According to Heather Bhandari, who launched Art World Conference with Dexter Wimberly in 2019, the freshman outing welcomed over 350 artists and arts professionals to meet in New York around common goals of financial empowerment and sustainability. The goal: to shift the way artists are valued.
Co-curator Wimberly is an independent curator and entrepreneur who has a background in PR and marketing. Bhandari is an independent curator and educator who co-authored the book, Art/Work. Both are involved with multiple nonprofits and artists, and met when Wimberly served as guest curator at Mixed Greens, a gallery in NYC that Bhandari co-directed.

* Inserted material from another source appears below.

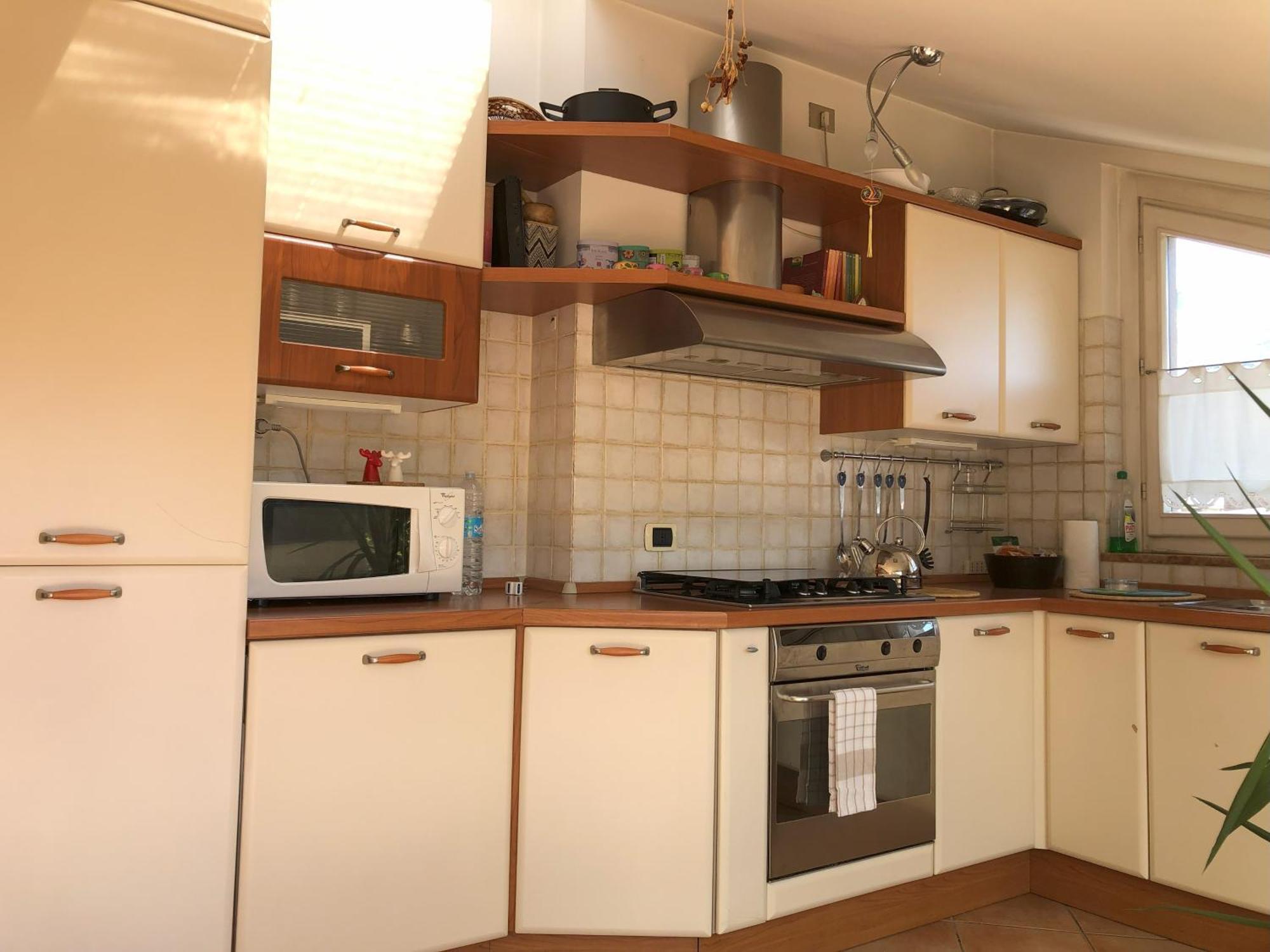 Bright Penthouse Close To Center With Terrace And Lake View レッコ エクステリア 写真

“The conference is an opportunity for artists and arts administrators to gather–in person–to really focus on business and financial health. All the presenters have agreed to speak because they are fierce advocates for artists and excited to share their knowledge in honest and actionable ways. It’s a day to focus on your own needs and personal goals while acknowledging the interdependence essential to our work and shared success in the arts. And it will be fun,” she attests.
This year, programming will include panel discussions, conversations, and in-depth workshops addressing many of the opportunities and challenges faced by visual artists and arts professionals who work closely with artists. The topics will include sales, marketing, grants, taxes, managing debt, building credit, and investing, to defining value, new technologies, legacy planning, growing and sustaining community, and beyond, with an emphasis on personal and professional development and empowerment. Program topics include “Financial Literacy for Artists: Debt & Credit Building” and “Can Artists Support Themselves While Remaining True to Their Values,” among many others.
Presenters include Edgar Arcenaux, Sara Daleiden, Lorene Dixon, Gianna Drake-Kerrison, Miata Edoga, Leah Hokenson, Kiibum Kim, Jessica Lee, Arthur Lewis, Marina Magalhães, Camerson Shaw, Megan Steinman, Mary Clare Stevens, Anuradha Vikram, James Walters, Sarah Wendell Sherrill, Amy Whitaker, Allison Wyper, and Mario Ybarra Jr.
The initial launch and subsequent expansion from New York City was an experiment to see if several hundred people would gather in one place to talk about business and financial health, Bhandari notes. “When it was over, we were thrilled with the transparency of the discussions and the reaction of the attendees. We knew we had to do it again in another city we know and love to reach more people and expand the conversation that’s already happening on the ground at places like Shoebox PR. The more we all talk about money and sustainability, the easier it will be for us to advocate for ourselves and each other.”
Bhandari says “Attendees will experience panels focused on big-picture themes of value, values, community, and sustainability along with a choice of smaller sessions focused on the details of financial literacy. There will also be some movement, honest conversation, and an opportunity to connect with artists and arts professionals from across the art world. There’s also a party the night before for people to get to know each other in advance.”
Her future plans for the conference are to expand its reach to other cities. She says she wants to “create ways for former, current, and future attendees to connect. We would love to continue attendee learning after the conference ends, and disseminate information to a larger audience than those who are able to participate in person. We would also love to create a sustainable business model for ourselves while eradicating the barrier for entry for all those who want to come.”
According to Bhandari, the conference is all about combining professional development within a conference setting, with a focus on artist attendees. “The conference is sensitive to the unique and often volatile lives of artists and recognizes the financial lives of arts administrators are often quite similar,” she explains. “The conference believes in community and transparency, so all presenters have been told that honesty, transparency, and actionable information and resources are required.”